Because the radiation levels are so high at the site, no one has been able to actually go to the spill area to see what and how much has been released. There is also no real information about what exactly is happening underground.
Because there are a variety of radioactive materials at the site, including tools, rags, etcetera, there is some concern that due to a process known as “radiolysis”, the leaking radiation could cause further issues. If those materials break down and mix together they could spontaneously combust in a gigantic explosion. If that were to happen, everything within a one hundred mile radius (perhaps farther reaching depending on the winds) would be in grave danger.
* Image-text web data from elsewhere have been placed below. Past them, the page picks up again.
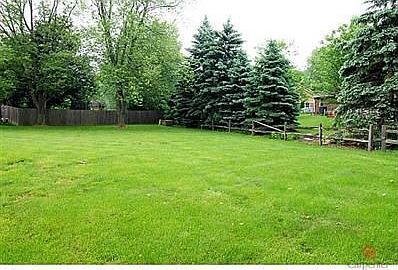 5th image of 939 Hawthorne Dr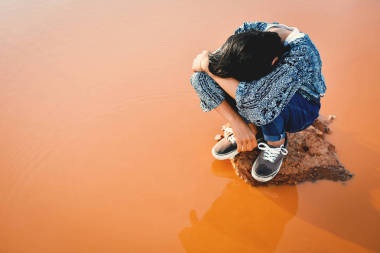 伤心的女孩坐在和独自哭泣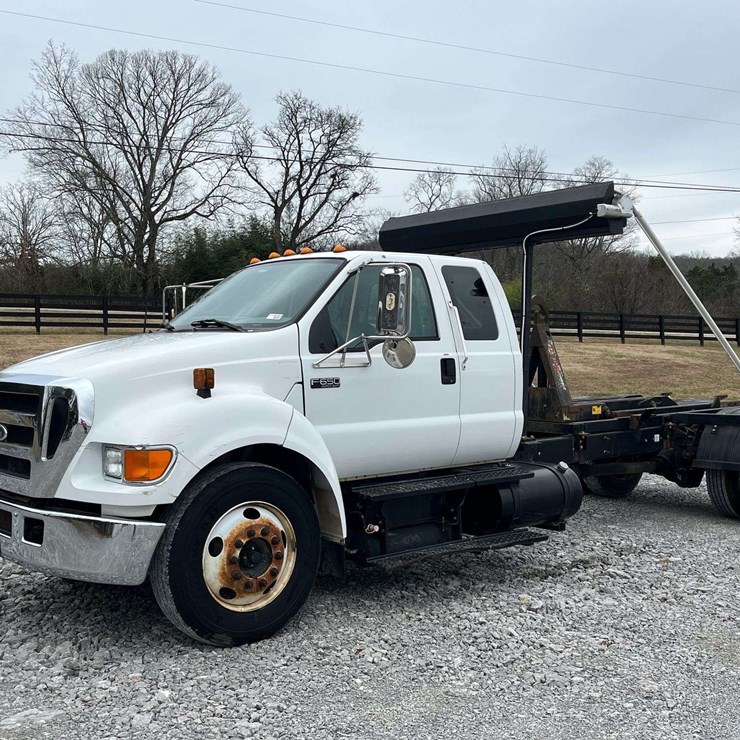 2004 FORD F650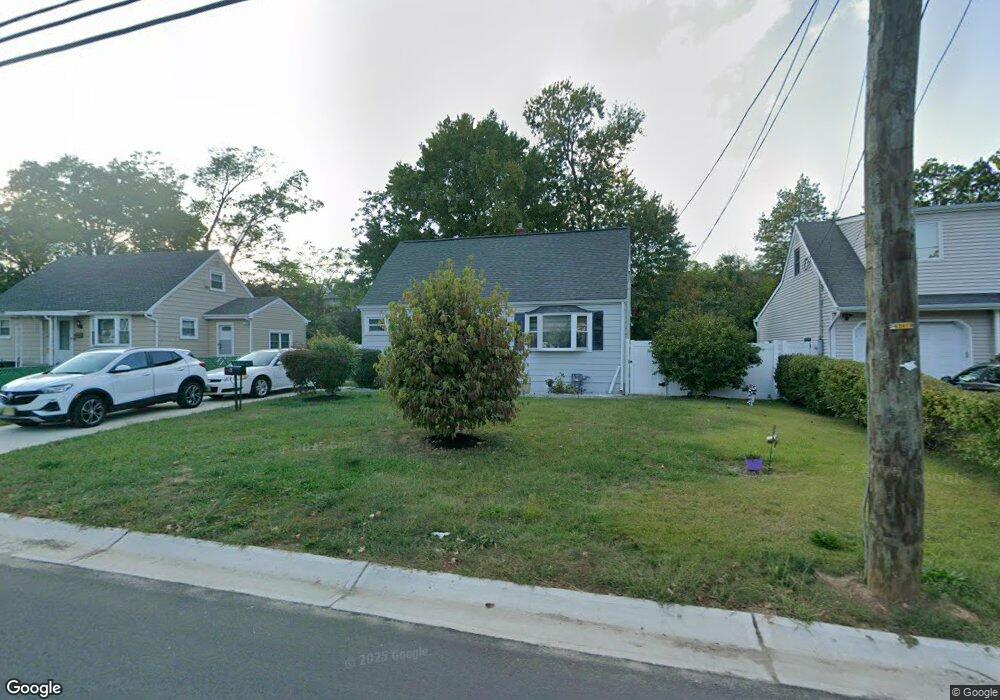 8 Wilcox Rd, New Brunswick, NJ 08901 - photo 1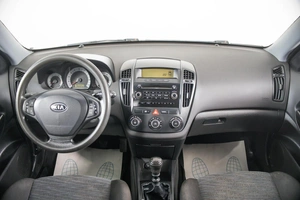 Хетчбэк Kia Ceed 2007 года, 339000 рублей, Пермь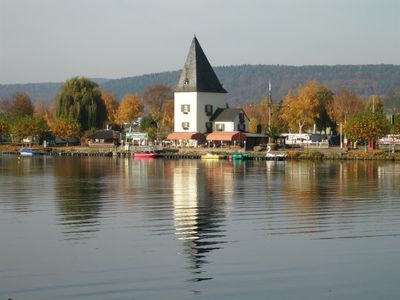 Schweicher Fährturm an der Mosel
Like most other controversial issues facing us today, it is rather difficult to find facts. There are many indications of government cover-ups and of fanatical suppositions. It seems that, like Fukushima, the immediate news has been an attempt to underplay the gravity of the situation. It also seems that as the reality becomes grimmer, there are continued attempts to release as little information as possible without setting off any alarms. As more people are becoming aware, however, there will have to be some kind of official statement that will answer some basic questions. Like Fukushima, by the time we, the people, know what’s really going on, it might be too far after the fact to attempt acts of personal safety.
It’s worth paying attention to globally, as we have found out from Japan’s disaster. Perhaps international inquiry would support local concerns and help to push for truth. This kind of contamination infiltrates our air, our waters and our sense of fear. This ‘New Mexi-Shima’ looks like one more failure of the nuclear age.